Ed Balls blames the government and says it is all their fault for not borrowing more. If they had done then the economy would have grown faster and this problem would have been avoided. (Moody's blame slow growth for the downgrade).

The Chancellor says had the government not cut the deficit (well tried to) then this downgrade would have come much sooner.

It is not clear which version of events is right. Balls has the problem that a credible deficit reduction plan is essential to keep the credit rating and must contend with the ineffectiveness of stimulus policies generally. Osborne faces a rising deficit and missed targets with very poor growth.

Whoever is right the downgrade will make little difference in reality. France and the USA continue to borrow at record low interest rates despite being downgraded already. Two of the three rating agencies have not yet downgraded the UK.

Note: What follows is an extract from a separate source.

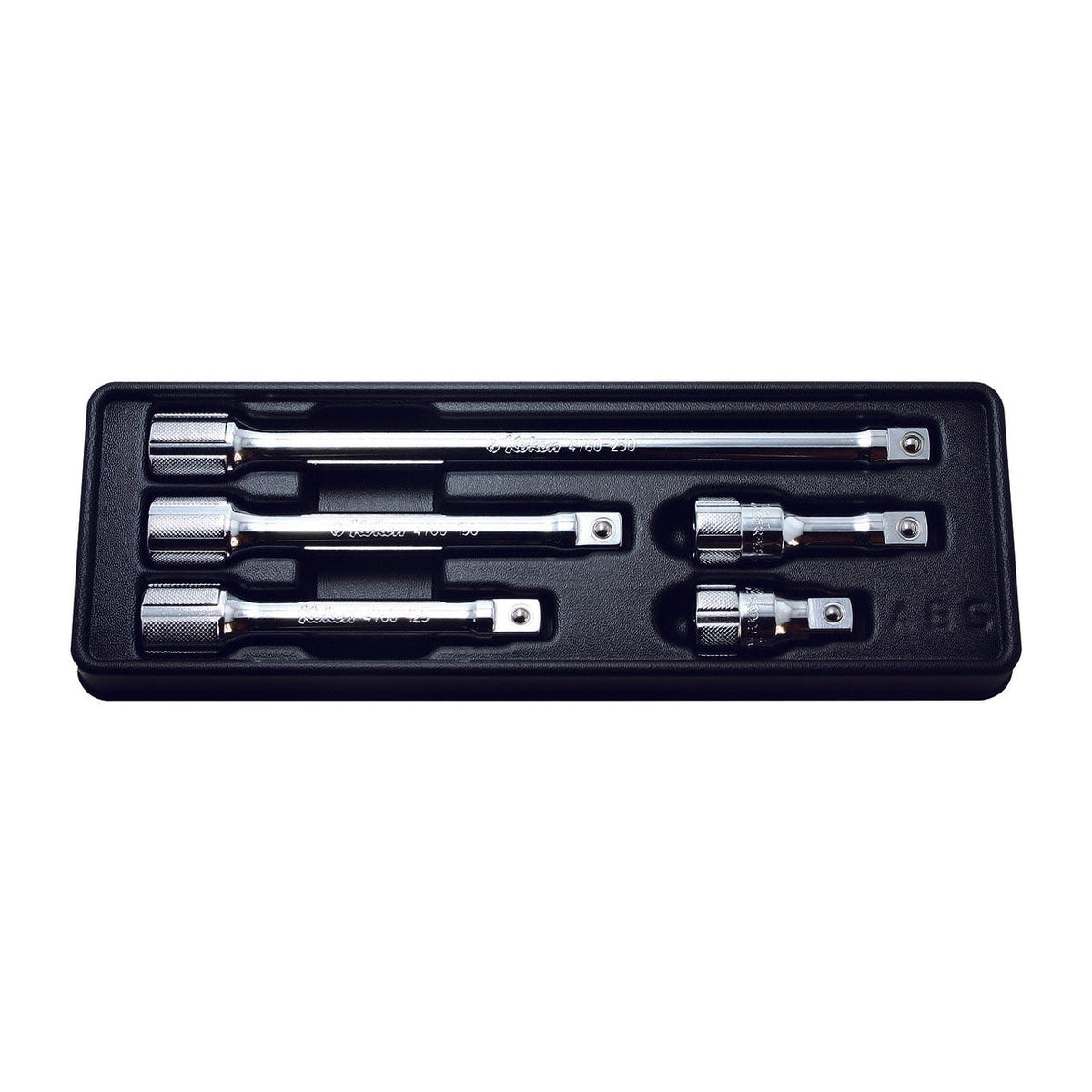 Ko-ken PK4760/5 1/2 Sq. Dr. Extension Bar set  50-250mm ABS Tray   5 pieces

Perhaps the most obvious point to make is that these same rating agencies stamped the mortgage backed securities that turned out to be worthless and caused the Global Financial Crisis 'Triple A'. Their credibility is pretty low and one of them is currently being taken to court by the US government for their role in misleading investors.

Friday, 26 October 2012

End of recesion or just heading for VW?


People often talk about the shape of a recession. The 'best' is V shaped - a short and sharp drop in GDP with a rapid recovery. U shaped is second best, still a strong recovery. The dreaded L shaped is the one to avoid and the reason why the policy response was so robust in 2008/9.

The UK has now officially reached the end of the W shaped - double dip - recession. Feared for so long and lengthened by the one-off impact of the Jubilee. Officially the UK grew by 1% in the quarter July to September, the fastest growth for five years.

Actually there were special considerations for this growth spurt, mainly the Olympics and the 'catch-up' from the previous quarter, so don't get too excited yet.

The headline figure is, as always, hiding a lot of detail. Look at the BBC economy page for that. It should be noted that the construction sector really is the problem area at present.

Construction continues to shrink and is making a really big impact on the figures. We should be worried about this. Not only does construction employ a lot of people and use lots of locally produced resources, but it is also a 'leading sector' in recoveries. We would expect construction to turn up before we saw a sustained rise in Real GDP.

The other point that might be worth noting is that the economy shrank by 6.4% in the first 'dip' and so far only half of that has been recovered even counting the last quarters growth.

Below is an article by The Guardian's Larry Elliott. You could not find a more miserable and biased economic commentator and he puts the latest recovery in the worst light he can. I'm surprised he wasn't the first to name the next stage as the triple dip or VW shaped recession. Glad I got in first!

Tuesday, 9 October 2012

The case for Plan A


Yesterday the Conservatives put the argument for continuing their plan to reduce the government budget deficit in the strongest terms for over a year.

Fundamentally there is on two types of news on the economy, bad and absolutely awful. Given that the government might as well take it on the chin and express their beliefs.

George Osbourne, The Chancellor, said he would find more money through benefit cuts. This plays surprisingly well outside of the Conservative Party with the general public. It remains to be seen if it can be done and whether people will accept the reality.

The Prime Minister asserted the cuts will continue, despite the growth forecast for the UK by the IMF being cut. (Well we all knew that!). He pointed out that one million new private sector jobs have been created and this is compensating for public sector cuts.

The government argues that the deficit needs to be reduced to avoid problems in the future. The Opposition says a boost is needed to get the economy growing again.

The IMF says that a short term stimulus might be appropriate, but that the markets will take fright on any large scale and longer term rise in spending that will raise the deficit. So some support for both sides there.

One issue that is clear is that the government has not reduced the deficit as far as they wanted to. This shows just how difficult it is to cut spending. Good luck with the plan George.